Les nouveaux patrouilleurs hauturiers irlandais vont mettre en oeuvre des drones aériens et des mini sous-marins téléopérés | Newsletter navale | Scoop.it

The Naval Service will more than halve the age of its eight-vessel fleet when the third ship in a €162m order is delivered by 2016.

The news came as the Navy's second new vessel, LE James Joyce, is now concluding sea trials and will be delivered within weeks for commissioning in May.

A sister ship to the LE Samuel Beckett which was delivered last year, LE James Joyce was built at Babcock Marine's shipyard in north Devon.

A third vessel, the order for which was confirmed by Taoiseach Enda Kenny, is now under construction and is scheduled for a late 2016 delivery.

The delivery of the as-yet-unnamed third offshore patrol vessel will dramatically reduce the age profile of the navy's Haulbowline-based fleet.

Literary

The vessel, like its sister ships, is expected to be named after an Irish literary figure.

The third new vessel will see five of the navy's main patrol vessels having entered the fleet since 1999.

At a cost of €54m each, the new vessels are the most hi-tech ever operated by the Naval Service and are capable of handling advanced technology such as drones and robotic submarines.
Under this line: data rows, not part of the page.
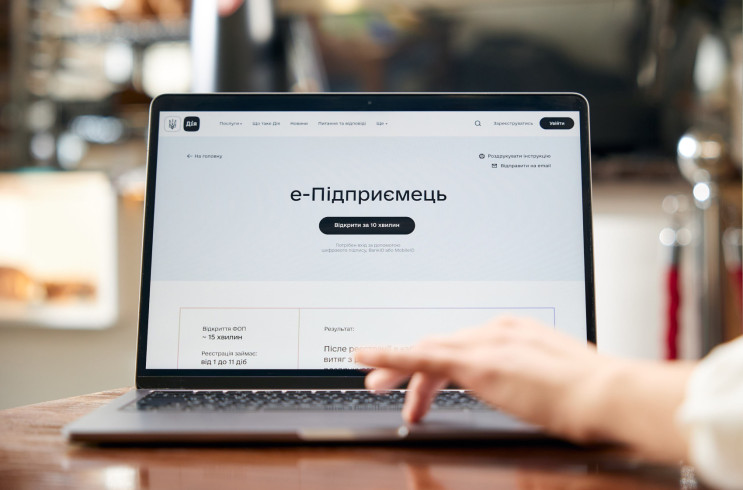 Минцифры запустит ИИ-помощника на портал…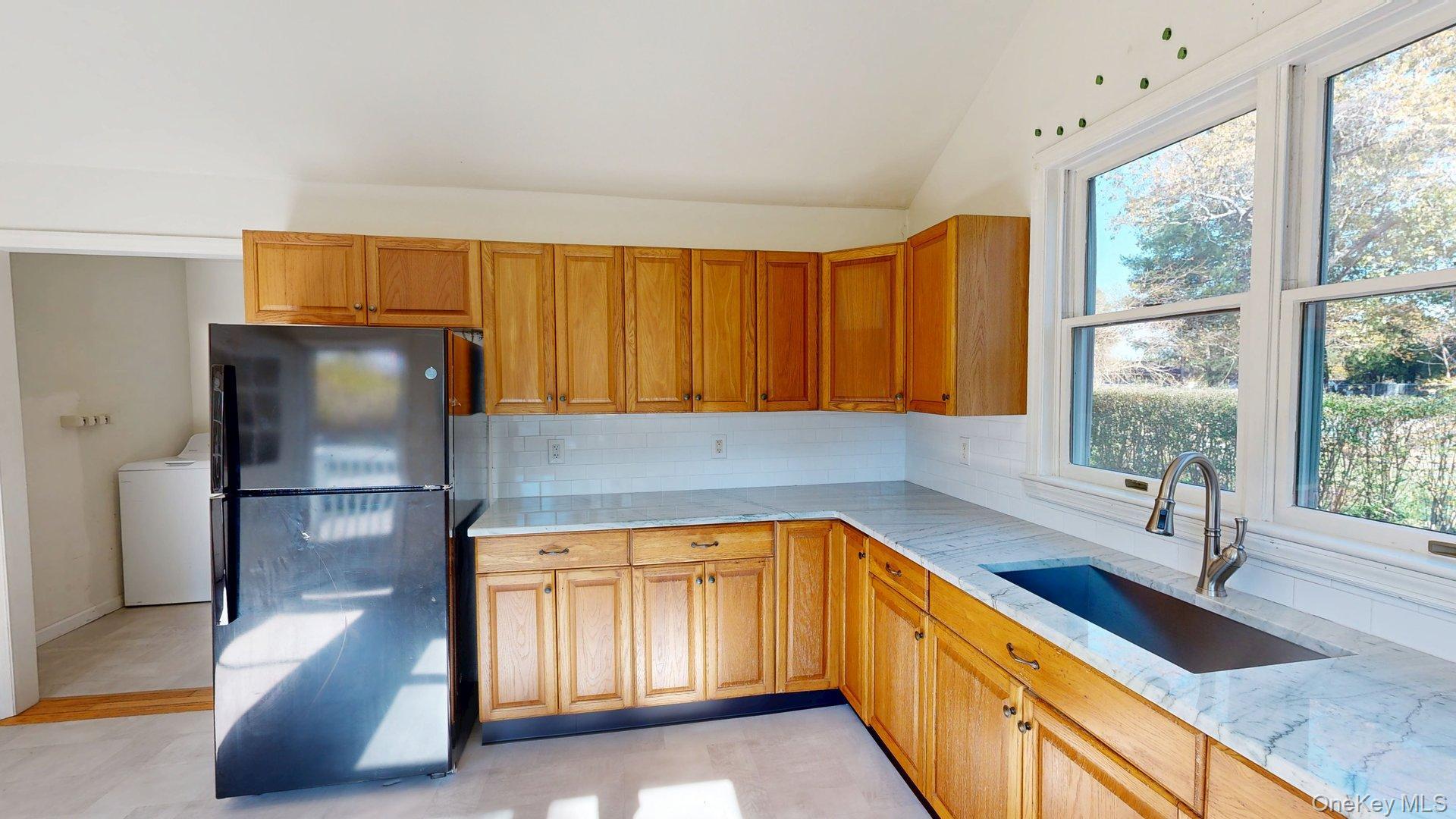 Center Moriches, New York, 11934, United States, 3 Bedrooms Bedrooms, ,1 BathroomBathrooms,Residential,For Sale,1990243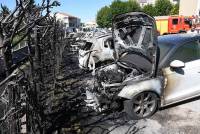 Monistrol-sur-Loire : une haie et huit voitures prennent feu (vidéo)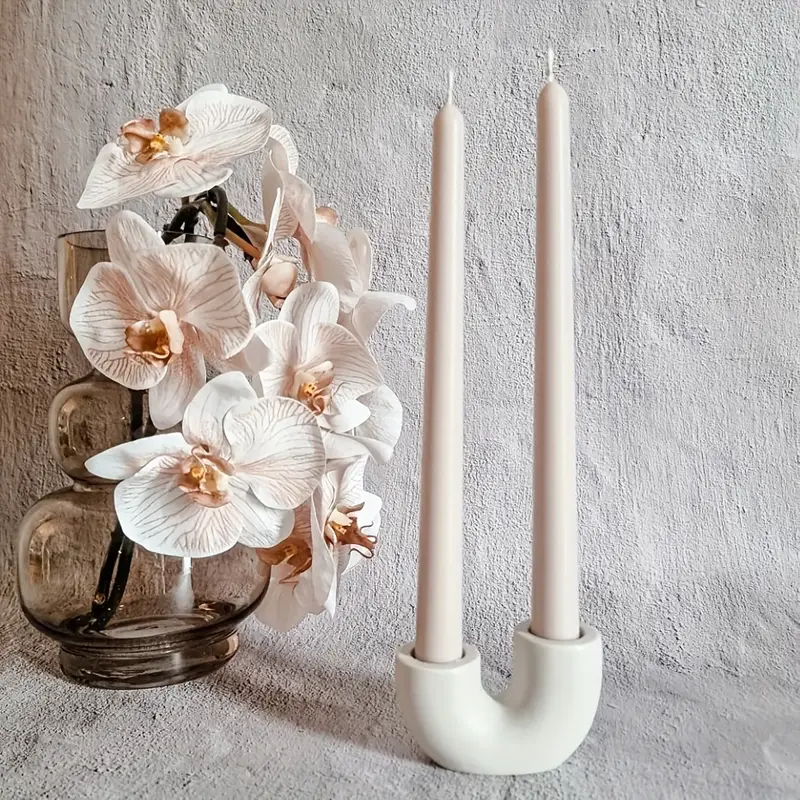 حامل شموع علي شكل حرف يو يمكنها حمل شمعتين لتغير ديكور البيت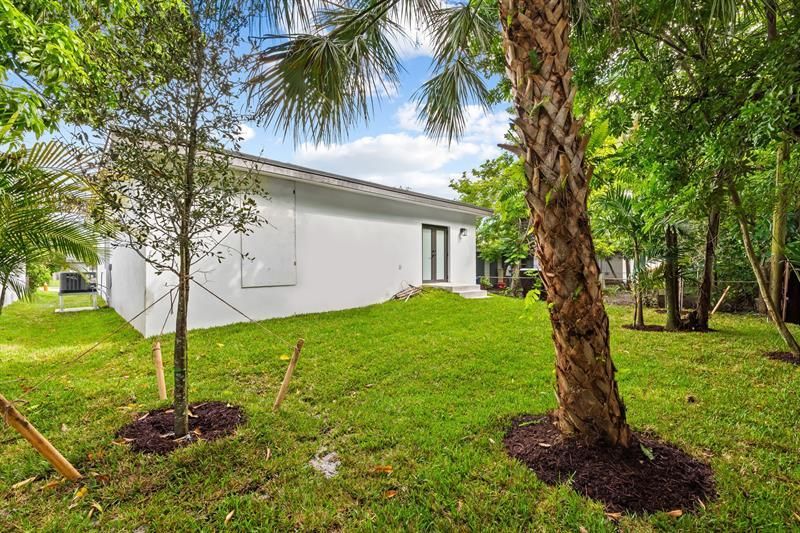 2810 NW 7th Street, Fort Lauderdale, FL 33311 Photo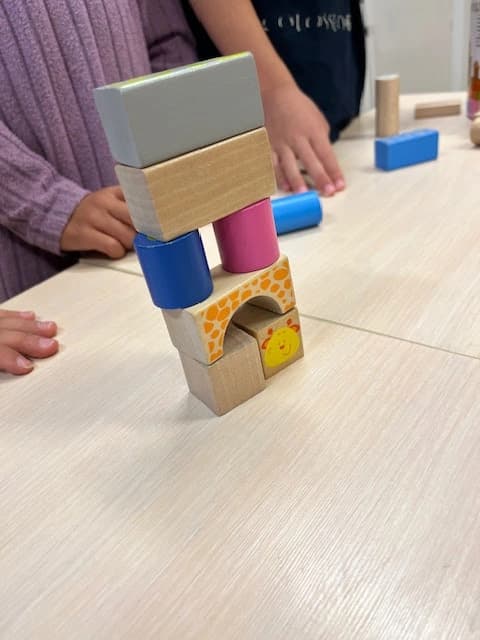 Edukacja społeczna - zabawy integrujące zespół klasowy w 1a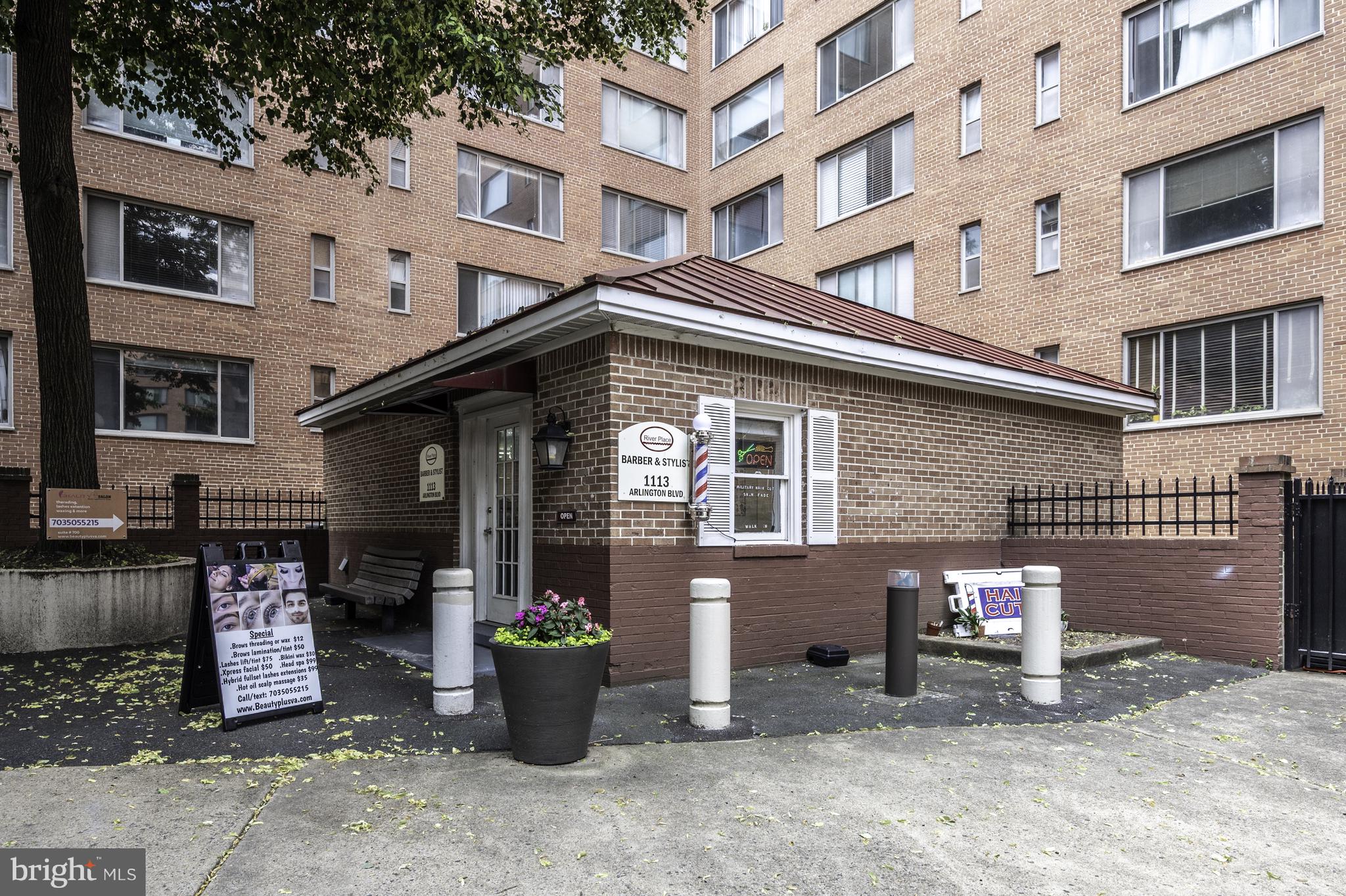 RIVER PLACE - Residential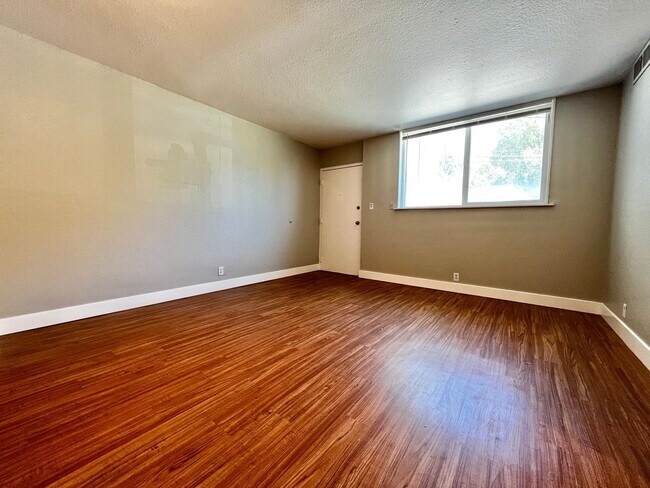 Building Photo - NShields632 (KC-LN)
The LE Samuel Beckett replaced the 35-year-old LE Emer which was sold at auction in October 2013 to an African consortium.

The LE James Joyce will replace the LE Aoife (1979) which was decommissioned last January and has now been donated to the Maltese navy.

Each of the new ships are developments of the original design chosen for the LE Roisin/LE Niamh in 1997.

Naval Service officials confirmed that the new ships will dramatically increase the technological capacity of the Navy both in terms of surveillance and incident response times.

The ability to operate drones, which are already used by the Defence Forces, will also dramatically increase the navy's patrol and surveillance capabilities.

Each ship can similarly operate remotely controlled mini- submarines.

The new vessels are 12m bigger at 90m in overall length than the old LE Roisin/Niamh design. With a top speed of 23 knots, the new ships will also be over 30pc faster than the ageing vessels they replace.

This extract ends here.